International Scientific Committee of the UNESCO Slave Route Project Meets in Cape Verde

By Sehba Imtiaz
International Scientific Committee (ISC) of the Slave Route Project (SRP) was established in September 1994 by UNESCO. The role of this advisory committee was to guide UNESCO on implementing the project, focusing specifically on the development of educational materials and programs, research into various aspects of slavery and the slave trade, and to form new partnerships to promote its objectives. In 2005, the Committee was restructured from 40 members, with new statutes drafted. The Committee now has 20 members, appointed by the UNESCO Director-General. These members represent various disciplines, including history, anthropology, archaeology, sociology, and law, as well as various regions of the world.
From October 26-27, 2015, the ISC met in Cidade Velha (declared a UNESCO World Heritage Site in 2009), Cape Verde to present the activities of the project and to consider its future activities within the frame of the International Decade for People of African Descent (2015-2024).
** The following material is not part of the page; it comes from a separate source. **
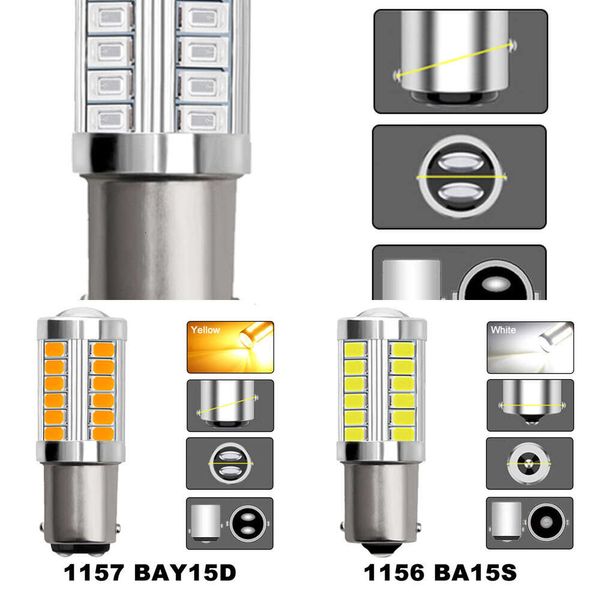 Yükseltme 1 PCS Araba LED ampul P21W 1156 BA15S P21/5W Bay15d 1157 12V 7000L Beyaz Dönüş Sinyal Freni Çayıl Çayıl Ters Park Lights Sis Lambası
The meeting was organized in partnership with the National Commission of Cape Verde, and was on an island that was considered a laboratory for the construction of the systems of enslavement that integrated a global and organized mode of exploitation. The members recommended the recognition of the outstanding universal value of the sites related to slavery and the history of the slave trade, and called for the commitments of the states in a spirit of recognition and justice.
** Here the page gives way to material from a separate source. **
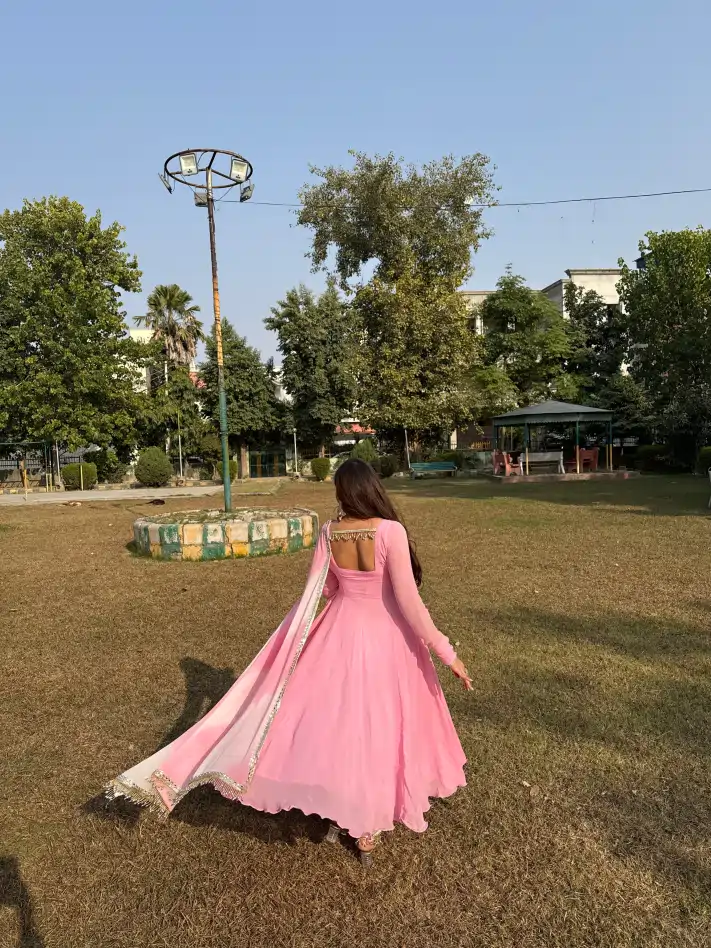 Pink Anarkali suit - Image 6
Among the actions taken at the October meeting was the confirmation of the new United States member of the ISC, Jane Landers, Gertrude Conaway Vanderbilt Professor of History at Vanderbilt University.
Cape Verde was a highly important stop on the Slave Route, and spread an enormous amount of intangible heritage throughout the world in terms of food, drink, music, and handicrafts. A simple case of culture transfer are the different names for same drink, grogue, cachaça, and rum, in Cape Verde, Brazil, and Latin America. The focus here is not just on the different types of architecture present at Cidade Velha, but on the anonymous slaves coming together from various cultures and countries, with valuable knowledge, and mixing in a huge social cauldron, where this knowledge and cultures then crossed the Atlantic and left a mark. The aim of the SRP is to reconcile the historical truth with the duty of memory by celebrating reencounters, by making the local community aware of “memory tourism,” and by educating young people to be guardians of that heritage.
US/ICOMOS is currently exploring supporting a UNESCO Slave Route Project meeting in the United States in 2017.